Pianista, compositor e arranjador, o carioca participou de discos de muita gente como contrabaixista. “Álbuns solos meus não foram tantos”, comenta.
A carreira dele começou nos anos 1960 com o Grupo Manifesto, com o qual gravou dois elepês. A banda reunia, entre outros, os jovens Gracinha Leporace, Gutemberg Guarabyra, Lucina, Guto Graça Melo e Mariozinho Rocha, que depois se tornaria diretor musical da TV Globo.
“Eu estava com o Manifesto no Maracanãzinho quando ‘Margarida’ venceu o FIC. Até brincava dizendo: esta aí, a gente tem de pedir desculpas por ter ganhado de ‘Travessia’, que ficou em segundo lugar. Mas o povo gostou muito da música e ela acabou vencendo”, diz. A terceira colocada foi “Carolina”, de Chico Buarque.
Fernando Leporace (ao centro) com o grupo Vox Populi nos anos 1970
(foto: Facebook/reprodução)
Leporace integrou o Manifesto de 1967 até meados de 1968, quando o grupo acabou.
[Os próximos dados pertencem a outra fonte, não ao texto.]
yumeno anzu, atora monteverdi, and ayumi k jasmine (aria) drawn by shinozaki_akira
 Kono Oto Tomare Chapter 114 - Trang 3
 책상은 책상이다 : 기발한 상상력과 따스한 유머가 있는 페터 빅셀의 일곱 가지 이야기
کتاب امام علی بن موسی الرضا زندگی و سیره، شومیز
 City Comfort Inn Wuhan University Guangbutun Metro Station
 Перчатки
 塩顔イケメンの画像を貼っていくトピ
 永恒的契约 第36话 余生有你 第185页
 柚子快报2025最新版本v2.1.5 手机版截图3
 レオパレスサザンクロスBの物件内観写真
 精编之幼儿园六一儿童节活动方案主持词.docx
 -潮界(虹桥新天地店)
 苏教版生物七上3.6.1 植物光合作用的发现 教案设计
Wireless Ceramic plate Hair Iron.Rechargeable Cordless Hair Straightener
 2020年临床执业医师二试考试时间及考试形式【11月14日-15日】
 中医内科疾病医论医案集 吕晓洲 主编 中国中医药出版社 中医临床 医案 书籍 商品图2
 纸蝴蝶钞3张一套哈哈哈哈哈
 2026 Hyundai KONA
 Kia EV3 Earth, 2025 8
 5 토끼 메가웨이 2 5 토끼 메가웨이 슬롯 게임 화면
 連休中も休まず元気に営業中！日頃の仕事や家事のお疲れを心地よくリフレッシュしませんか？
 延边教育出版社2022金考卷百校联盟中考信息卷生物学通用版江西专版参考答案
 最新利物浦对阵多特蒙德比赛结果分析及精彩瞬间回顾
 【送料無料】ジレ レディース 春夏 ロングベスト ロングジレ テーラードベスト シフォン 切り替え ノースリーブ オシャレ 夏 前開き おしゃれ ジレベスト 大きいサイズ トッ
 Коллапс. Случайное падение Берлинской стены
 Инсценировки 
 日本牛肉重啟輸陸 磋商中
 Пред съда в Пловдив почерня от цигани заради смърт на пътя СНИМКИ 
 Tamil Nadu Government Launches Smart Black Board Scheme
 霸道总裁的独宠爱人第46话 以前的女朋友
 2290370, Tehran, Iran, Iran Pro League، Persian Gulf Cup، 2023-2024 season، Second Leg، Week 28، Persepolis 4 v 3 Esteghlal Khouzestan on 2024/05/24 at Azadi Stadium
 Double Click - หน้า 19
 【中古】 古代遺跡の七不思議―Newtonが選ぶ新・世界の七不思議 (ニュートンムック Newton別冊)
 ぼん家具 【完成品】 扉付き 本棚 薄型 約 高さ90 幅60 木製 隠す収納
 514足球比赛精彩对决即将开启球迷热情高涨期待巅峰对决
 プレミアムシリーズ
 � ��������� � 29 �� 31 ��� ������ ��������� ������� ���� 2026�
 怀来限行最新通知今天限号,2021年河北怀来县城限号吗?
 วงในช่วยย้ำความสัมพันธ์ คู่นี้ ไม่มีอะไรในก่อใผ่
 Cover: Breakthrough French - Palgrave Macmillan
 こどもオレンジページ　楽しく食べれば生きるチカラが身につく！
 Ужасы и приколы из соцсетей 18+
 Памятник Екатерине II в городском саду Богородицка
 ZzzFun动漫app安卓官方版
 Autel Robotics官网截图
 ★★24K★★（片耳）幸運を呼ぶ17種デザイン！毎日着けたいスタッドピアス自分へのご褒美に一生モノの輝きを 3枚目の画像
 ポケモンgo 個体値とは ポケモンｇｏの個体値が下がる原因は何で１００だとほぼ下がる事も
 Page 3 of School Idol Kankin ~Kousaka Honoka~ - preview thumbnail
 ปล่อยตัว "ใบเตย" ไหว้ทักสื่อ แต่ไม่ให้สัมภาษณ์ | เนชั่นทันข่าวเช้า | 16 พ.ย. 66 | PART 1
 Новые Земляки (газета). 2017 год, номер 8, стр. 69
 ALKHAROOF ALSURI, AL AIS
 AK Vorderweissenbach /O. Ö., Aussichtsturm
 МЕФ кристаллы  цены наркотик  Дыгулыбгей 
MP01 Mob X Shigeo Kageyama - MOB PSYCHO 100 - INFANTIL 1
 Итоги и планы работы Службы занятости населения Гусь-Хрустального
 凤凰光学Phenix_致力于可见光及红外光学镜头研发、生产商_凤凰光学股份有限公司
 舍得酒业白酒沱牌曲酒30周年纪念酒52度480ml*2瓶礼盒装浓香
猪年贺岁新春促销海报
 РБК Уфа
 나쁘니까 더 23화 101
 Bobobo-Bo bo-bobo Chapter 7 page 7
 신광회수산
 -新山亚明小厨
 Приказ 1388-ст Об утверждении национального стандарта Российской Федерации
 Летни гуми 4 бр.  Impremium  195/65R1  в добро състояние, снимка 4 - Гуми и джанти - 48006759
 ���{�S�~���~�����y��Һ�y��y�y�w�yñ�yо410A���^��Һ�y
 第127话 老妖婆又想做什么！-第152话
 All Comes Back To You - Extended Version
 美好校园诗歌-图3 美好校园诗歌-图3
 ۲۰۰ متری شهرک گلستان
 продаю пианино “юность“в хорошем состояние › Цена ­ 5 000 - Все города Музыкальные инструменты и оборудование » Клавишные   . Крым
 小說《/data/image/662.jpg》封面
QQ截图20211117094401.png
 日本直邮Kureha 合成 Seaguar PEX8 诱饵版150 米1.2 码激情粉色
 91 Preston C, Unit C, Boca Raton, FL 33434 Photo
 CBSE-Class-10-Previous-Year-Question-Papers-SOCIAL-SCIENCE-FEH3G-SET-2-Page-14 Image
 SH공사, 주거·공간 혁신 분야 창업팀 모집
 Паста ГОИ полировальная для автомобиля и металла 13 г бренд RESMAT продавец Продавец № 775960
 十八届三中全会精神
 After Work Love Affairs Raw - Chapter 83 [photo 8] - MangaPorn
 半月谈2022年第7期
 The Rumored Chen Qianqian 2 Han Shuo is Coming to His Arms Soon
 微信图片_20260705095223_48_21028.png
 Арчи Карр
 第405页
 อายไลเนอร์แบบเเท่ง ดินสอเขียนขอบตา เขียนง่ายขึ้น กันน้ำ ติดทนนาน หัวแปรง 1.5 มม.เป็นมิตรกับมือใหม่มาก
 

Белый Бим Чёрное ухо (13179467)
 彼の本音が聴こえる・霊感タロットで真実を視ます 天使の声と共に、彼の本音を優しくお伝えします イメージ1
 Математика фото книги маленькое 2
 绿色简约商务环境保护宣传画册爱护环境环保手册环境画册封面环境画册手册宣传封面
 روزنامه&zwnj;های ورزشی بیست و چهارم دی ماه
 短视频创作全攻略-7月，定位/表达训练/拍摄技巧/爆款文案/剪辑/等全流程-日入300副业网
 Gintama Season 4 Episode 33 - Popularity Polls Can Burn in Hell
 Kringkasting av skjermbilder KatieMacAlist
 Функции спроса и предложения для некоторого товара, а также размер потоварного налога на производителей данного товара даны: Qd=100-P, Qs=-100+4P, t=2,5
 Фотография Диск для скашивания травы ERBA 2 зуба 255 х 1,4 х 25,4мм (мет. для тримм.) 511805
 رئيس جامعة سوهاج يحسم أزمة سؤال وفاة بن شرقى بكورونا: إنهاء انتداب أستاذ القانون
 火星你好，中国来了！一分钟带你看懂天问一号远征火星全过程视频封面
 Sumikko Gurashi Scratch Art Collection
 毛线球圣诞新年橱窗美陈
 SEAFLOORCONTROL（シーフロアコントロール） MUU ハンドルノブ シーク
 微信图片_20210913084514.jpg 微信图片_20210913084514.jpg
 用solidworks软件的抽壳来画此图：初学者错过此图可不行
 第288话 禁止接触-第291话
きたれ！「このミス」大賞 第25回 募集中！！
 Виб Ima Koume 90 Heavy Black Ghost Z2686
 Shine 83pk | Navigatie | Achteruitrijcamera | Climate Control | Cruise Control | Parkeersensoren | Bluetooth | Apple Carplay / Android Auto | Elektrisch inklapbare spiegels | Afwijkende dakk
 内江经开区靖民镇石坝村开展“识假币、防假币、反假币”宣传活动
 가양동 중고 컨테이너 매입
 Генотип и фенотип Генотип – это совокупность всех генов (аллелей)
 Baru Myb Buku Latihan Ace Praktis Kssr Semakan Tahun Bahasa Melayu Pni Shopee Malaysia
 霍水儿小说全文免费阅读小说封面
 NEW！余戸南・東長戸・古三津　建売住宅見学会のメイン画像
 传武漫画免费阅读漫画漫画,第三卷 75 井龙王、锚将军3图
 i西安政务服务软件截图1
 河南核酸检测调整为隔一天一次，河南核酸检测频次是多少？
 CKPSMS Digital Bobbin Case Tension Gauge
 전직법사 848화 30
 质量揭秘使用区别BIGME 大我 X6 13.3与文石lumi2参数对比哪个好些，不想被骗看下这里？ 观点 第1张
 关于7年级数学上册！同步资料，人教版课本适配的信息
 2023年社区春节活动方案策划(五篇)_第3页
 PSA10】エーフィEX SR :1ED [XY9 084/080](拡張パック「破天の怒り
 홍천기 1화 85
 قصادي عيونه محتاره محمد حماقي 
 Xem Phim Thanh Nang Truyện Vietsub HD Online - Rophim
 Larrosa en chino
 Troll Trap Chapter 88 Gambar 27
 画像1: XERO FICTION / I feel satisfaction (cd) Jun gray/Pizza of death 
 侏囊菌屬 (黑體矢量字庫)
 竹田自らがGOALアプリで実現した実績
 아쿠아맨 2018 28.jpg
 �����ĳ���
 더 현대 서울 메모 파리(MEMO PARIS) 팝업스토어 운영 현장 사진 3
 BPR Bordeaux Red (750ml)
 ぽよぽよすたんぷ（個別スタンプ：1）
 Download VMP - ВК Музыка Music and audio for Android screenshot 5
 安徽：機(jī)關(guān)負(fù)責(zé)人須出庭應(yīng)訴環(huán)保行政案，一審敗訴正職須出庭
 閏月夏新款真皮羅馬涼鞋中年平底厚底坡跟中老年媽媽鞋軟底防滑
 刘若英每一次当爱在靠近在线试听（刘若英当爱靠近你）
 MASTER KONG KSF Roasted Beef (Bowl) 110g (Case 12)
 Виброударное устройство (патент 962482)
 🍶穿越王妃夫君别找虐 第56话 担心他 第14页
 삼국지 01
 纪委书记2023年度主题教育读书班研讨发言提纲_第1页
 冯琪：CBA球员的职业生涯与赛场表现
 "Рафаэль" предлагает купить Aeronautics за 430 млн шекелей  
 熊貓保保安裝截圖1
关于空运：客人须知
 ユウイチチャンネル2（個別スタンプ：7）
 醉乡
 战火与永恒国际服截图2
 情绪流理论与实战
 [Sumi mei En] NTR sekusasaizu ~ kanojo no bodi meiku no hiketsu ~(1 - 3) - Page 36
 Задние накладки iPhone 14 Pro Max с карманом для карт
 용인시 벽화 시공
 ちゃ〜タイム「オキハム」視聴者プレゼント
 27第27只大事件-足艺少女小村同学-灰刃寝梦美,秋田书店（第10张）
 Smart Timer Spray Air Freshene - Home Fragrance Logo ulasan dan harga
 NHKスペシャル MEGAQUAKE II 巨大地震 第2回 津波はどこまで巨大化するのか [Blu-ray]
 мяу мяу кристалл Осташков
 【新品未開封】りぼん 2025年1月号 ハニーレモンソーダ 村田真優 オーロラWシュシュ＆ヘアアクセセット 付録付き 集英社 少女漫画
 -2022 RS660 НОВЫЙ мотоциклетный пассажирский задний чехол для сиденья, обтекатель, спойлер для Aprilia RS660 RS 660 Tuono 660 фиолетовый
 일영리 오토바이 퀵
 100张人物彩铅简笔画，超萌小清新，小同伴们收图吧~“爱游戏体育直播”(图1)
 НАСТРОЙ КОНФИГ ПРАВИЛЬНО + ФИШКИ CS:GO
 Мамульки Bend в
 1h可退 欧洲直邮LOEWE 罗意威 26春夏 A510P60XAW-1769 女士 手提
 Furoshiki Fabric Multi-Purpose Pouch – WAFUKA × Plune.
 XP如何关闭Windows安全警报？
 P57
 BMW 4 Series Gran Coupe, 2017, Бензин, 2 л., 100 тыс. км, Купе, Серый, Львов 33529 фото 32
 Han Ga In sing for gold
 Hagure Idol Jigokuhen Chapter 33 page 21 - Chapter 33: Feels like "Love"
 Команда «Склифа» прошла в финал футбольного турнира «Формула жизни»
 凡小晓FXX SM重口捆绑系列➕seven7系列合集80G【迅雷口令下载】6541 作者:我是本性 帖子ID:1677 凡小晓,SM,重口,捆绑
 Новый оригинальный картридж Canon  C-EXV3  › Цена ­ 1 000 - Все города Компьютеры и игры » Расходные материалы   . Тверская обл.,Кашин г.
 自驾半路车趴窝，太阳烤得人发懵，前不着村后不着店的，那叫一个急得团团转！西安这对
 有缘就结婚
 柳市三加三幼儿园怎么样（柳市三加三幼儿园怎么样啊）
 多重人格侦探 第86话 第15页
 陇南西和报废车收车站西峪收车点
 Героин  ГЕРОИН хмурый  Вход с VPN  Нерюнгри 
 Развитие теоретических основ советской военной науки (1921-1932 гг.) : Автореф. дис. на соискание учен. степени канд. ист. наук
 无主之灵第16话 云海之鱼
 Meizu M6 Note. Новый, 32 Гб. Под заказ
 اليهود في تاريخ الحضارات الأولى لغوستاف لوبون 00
Em 1969, foi para o México com a banda Vox Populi. “Foi um dos meus primeiros trabalhos como baixista”, relembra.
Quando a banda chegou ao fim, Leporace passou a morar em Los Angeles, onde se apresentava com Chico Batera – instrumentista respeitado, atualmente percussionista de Chico Buarque na turnê “Que tal um samba?”.
No Manifesto, Fernando compunha ao violão e tocava piano. “Nunca havia tocado baixo profissionalmente. Quando voltei de Los Angeles, comecei a trabalhar bastante como baixista. O primeiro disco que fiz tocando o instrumento foi o 'Passado, presente e futuro', de Sá, Rodrix e Guarabyra, lançado em 1972.”
Foi Gutemberg Guarabyra – aliás, o autor da “Margarida” que derrotou “Travessia” – quem convidou Leporace para participar do álbum do trio pioneiro do rock rural.
“Depois, comecei a trabalhar com Edu Lobo, Nana Caymmi, Gal Costa, Joyce Moreno, Caetano Veloso, Fátima Guedes e Ivan Lins, entre tantos outros. O Edu até gravou uma instrumental minha chamada ‘Camaleão’”, diz ele, orgulhoso. Esta faixa, aliás, batizou o disco de Edu lançado em 1978.
Amigo dos mineiros
Na década de 1970, Fernando se enturmou com os mineiros do Clube da Esquina, sobretudo Nelson Angelo e Toninho Horta, que viviam no Rio de Janeiro.
“Chegamos até a formar um grupo. Não um grupo fixo, a gente se encontrava para tocar. Resolvemos fazer apresentações ao vivo – éramos eu, Toninho Horta, Nelson Angelo, Danilo Caymmi e o baterista Rubinho, de BH.”
A partir dali, Fernando fez participações em discos de Milton Nascimento, entre outros “clubistas”. “Às vezes, eu aparecia nas gravações da turma do Clube e acabava gravando algumas coisas. Há uma gravação do Toninho Horta de ‘Manuel, o audaz’ só com ele na guitarra. Fiz vocal lá, algo improvisado.”
No disco lançado por Beto Guedes, Toninho Horta, Novelli e Danilo Caymmi em 1973, pela Odeon, Leporace só não tocou nas músicas de Beto.
“Quem produziu foi o Nelson Angelo. Era legal, porque a turma se encontrava nas casas para tocar. Conheci muita coisa do Clube que ainda estava sendo feita, inclusive pelo próprio Bituca”, revela Fernando Leporace.